Trump’s Secret Document, with the Post-Administration Pollster Communication, in His Desk Drawer

In Trump’s stolen document case, the two sides have submitted disputes to Special Master Raymond Dearie. Because some earlier documents remain sealed (because of the hurricane, DOJ says), the most descriptive document included is this one, laying out disputes.

The two sides are fighting over whether Trump’s notes on clippings and briefing books are presidential documents (both are squarely within the Presidential Records Act definition).

The most interesting description in the document pertains to one particular item over which the two sides are fighting: a “compilation” of two classified documents, with three communications that post-date when he left the White House.

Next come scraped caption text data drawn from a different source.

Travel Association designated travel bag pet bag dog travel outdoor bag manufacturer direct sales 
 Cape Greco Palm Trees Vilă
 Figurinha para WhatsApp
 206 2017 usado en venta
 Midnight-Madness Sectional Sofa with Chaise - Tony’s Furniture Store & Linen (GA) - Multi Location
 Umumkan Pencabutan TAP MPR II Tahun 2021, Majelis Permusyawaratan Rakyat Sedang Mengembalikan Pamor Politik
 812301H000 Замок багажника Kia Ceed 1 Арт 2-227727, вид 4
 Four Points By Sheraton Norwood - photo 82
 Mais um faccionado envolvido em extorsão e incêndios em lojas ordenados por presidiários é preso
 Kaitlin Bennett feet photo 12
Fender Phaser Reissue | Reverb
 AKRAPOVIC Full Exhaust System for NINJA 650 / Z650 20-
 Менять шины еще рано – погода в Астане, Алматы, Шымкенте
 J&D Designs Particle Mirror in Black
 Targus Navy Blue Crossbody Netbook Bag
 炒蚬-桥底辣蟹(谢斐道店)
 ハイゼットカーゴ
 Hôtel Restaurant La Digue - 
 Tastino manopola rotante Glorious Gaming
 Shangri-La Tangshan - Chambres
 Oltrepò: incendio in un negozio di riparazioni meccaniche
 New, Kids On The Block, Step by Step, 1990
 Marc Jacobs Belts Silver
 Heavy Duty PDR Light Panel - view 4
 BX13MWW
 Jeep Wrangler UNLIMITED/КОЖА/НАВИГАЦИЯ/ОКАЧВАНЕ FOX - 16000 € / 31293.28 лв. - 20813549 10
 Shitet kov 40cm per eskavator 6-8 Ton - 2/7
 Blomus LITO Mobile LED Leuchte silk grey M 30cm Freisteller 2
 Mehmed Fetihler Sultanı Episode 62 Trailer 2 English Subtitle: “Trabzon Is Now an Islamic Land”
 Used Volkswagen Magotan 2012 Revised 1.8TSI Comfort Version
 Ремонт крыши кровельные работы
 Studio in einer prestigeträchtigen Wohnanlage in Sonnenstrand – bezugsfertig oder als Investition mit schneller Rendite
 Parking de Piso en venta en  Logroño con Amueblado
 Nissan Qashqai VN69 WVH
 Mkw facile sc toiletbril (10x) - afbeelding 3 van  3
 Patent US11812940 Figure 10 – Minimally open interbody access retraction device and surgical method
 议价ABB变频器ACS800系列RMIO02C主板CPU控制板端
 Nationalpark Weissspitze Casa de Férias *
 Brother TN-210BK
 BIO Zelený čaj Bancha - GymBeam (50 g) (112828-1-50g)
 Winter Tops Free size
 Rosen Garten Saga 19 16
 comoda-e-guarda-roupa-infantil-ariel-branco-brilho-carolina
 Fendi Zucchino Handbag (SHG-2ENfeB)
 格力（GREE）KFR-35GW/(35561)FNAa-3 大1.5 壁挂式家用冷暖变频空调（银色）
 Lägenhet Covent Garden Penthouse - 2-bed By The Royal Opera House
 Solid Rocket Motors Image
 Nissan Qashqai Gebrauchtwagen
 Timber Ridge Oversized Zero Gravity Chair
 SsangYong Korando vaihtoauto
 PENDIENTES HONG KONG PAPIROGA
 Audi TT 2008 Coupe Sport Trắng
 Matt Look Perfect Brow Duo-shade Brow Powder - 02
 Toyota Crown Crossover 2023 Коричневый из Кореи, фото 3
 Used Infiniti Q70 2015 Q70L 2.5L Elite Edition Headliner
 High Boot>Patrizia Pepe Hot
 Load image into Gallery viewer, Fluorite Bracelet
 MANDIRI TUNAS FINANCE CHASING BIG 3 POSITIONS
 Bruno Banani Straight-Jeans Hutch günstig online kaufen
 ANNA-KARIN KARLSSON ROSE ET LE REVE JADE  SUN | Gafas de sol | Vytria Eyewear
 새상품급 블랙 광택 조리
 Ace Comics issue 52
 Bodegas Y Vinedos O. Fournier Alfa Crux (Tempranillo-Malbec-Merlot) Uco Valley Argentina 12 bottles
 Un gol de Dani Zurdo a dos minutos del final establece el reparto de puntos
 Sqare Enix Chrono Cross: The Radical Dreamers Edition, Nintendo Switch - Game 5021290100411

This document is a compilation that includes three documents that post-date Plaintiff’s term in office and two classified cover sheets, one SECRET and the other CONFIDENTIAL. Because Plaintiff can only have received the documents bearing classification markings in his capacity as President, the entire mixed document is a Presidential record.

Besides the classified cover sheets, which were inserted by the FBI in lieu of the actual documents, none of the remaining communications in the document are confidential presidential communications that might be subject to a claim of executive privilege. Three communications are from a book author, a religious leader, and a pollster. The first two cannot be characterized as presidential advisers and all three are either dated or by content occurred after Plaintiff’s administration ended.

This passage explains something I was wondering from the inventory: how DOJ accounted for the classified documents in the Bates numbers. The answer is that FBI included cover sheets to mark where the classified documents were, so they count in the running Bates count.

This particular document (or “compilation”) was in a desk drawer in Trump’s office. (We know that because the Bates number appears in Item 4, the box of stuff from the desk drawer, in the main inventory. Aside from the Roger Stone clemency, this was the only document outside of the leatherbound box with classified documents in Trump’s office.

The compilation, as found in the desk drawer, includes:

  • A Secret document
  • A Confidential document
  • A communication that post-dates Trump’s administration, from a book author
  • A communication that post-dates Trump’s administration, from a religious leader
  • A communication that post-dates Trump’s administration, from a pollster

The secrets involved here are nowhere near as sensitive as the stuff in Trump’s leatherbound box, which stored the most sensitive documents. Confidential documents like the one in this compilation are often State Department cables.

But in some ways this document is more damning: because it shows he was commingling stolen classified documents with his ongoing affairs after leaving the White House. It gets far closer to showing that Trump was using government secrets for his own personal affairs even after he left the White House.